Exercise requirements:
Reproduce each line of the material exactly, minus any picture.

Data extract:
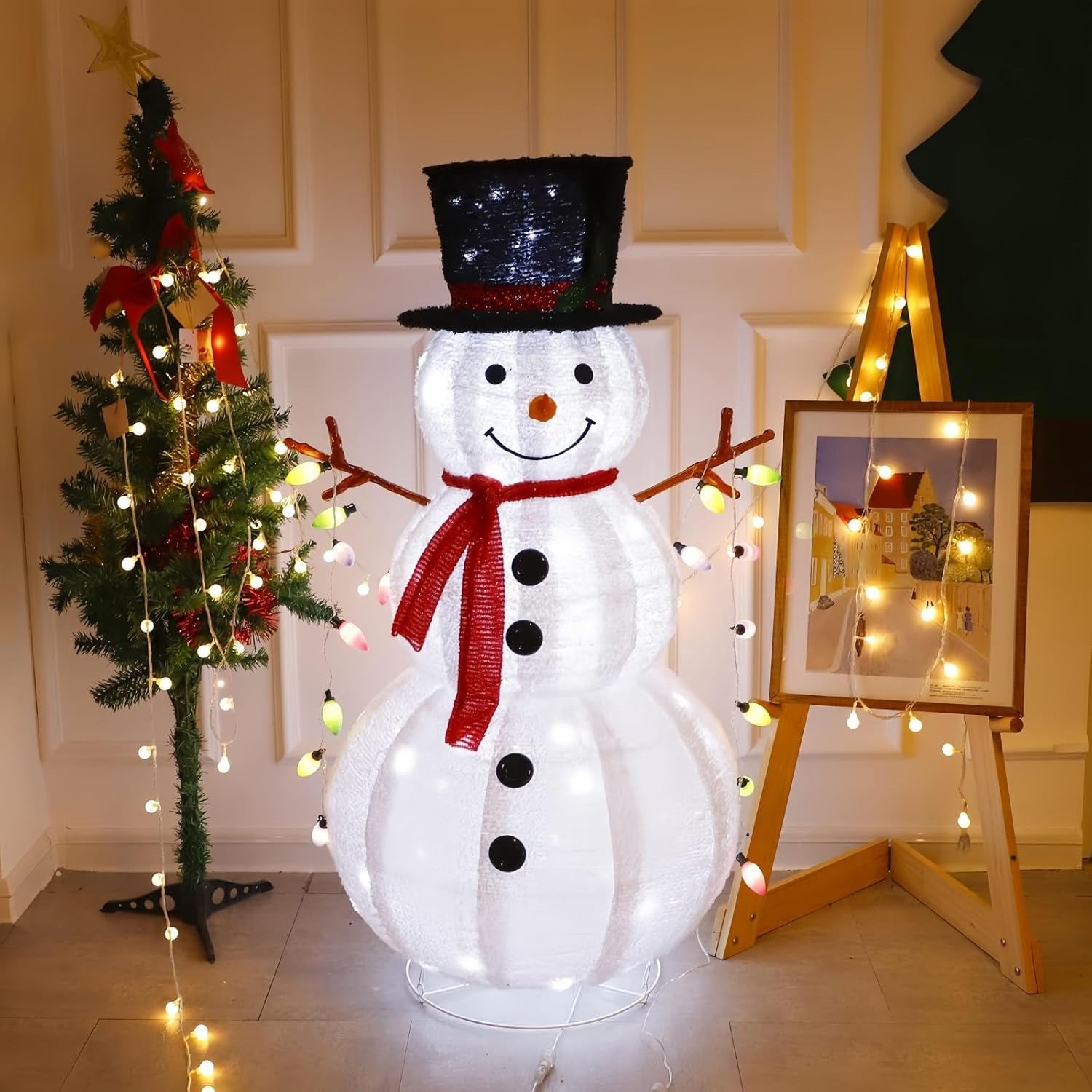 クリスマス飾りつけ 雪達磨 室外 LED 飾りつけ IP44雨合羽 雪達磨 クリスマス 電飾 折りたたみ能力のある 好いたらしい 室外 室内 部屋の入り口 庭 お店 販売店 生まれ落ちる日 儀式用 寄りあい飾りつけ Led点火装置 クリスマス 点火装置 室外かざり付ける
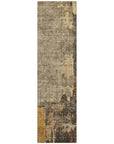 LOOMLAN Rugs Tektar Brown Washable Indoor-Outdoor Rug
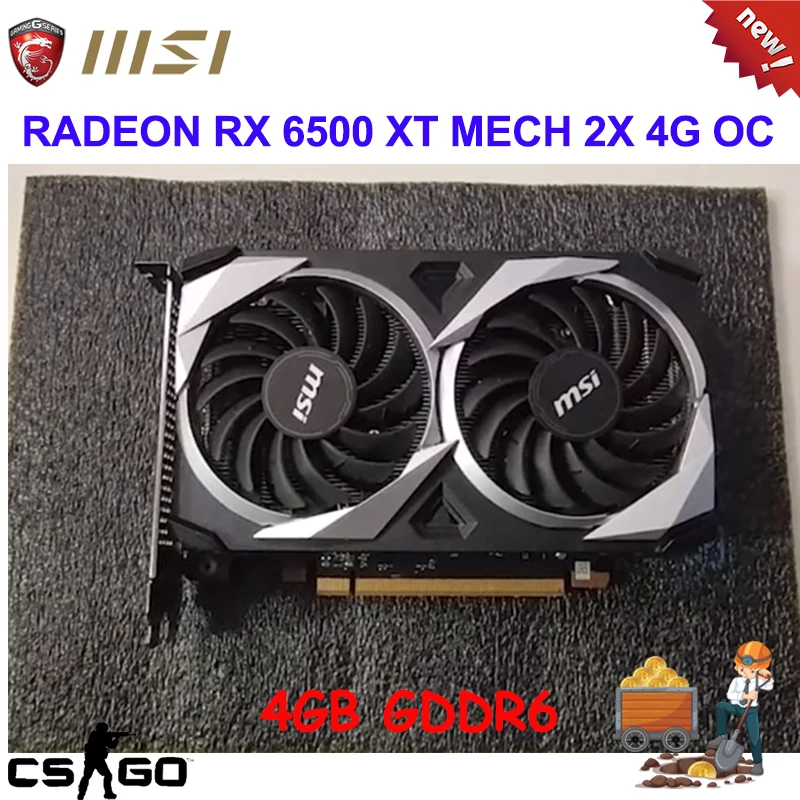 MSI AMD Radeon RX 6500 XT MECH 2X OC 4 Go GDDR6
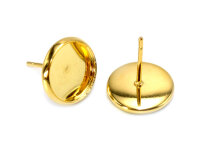 Ohrstecker aus 304 Edelstahl in goldfarben für 10 mm...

Task output:
 クリスマス飾りつけ 雪達磨 室外 LED 飾りつけ IP44雨合羽 雪達磨 クリスマス 電飾 折りたたみ能力のある 好いたらしい 室外 室内 部屋の入り口 庭 お店 販売店 生まれ落ちる日 儀式用 寄りあい飾りつけ Led点火装置 クリスマス 点火装置 室外かざり付ける
 LOOMLAN Rugs Tektar Brown Washable Indoor-Outdoor Rug
 MSI AMD Radeon RX 6500 XT MECH 2X OC 4 Go GDDR6
 Ohrstecker aus 304 Edelstahl in goldfarben für 10 mm...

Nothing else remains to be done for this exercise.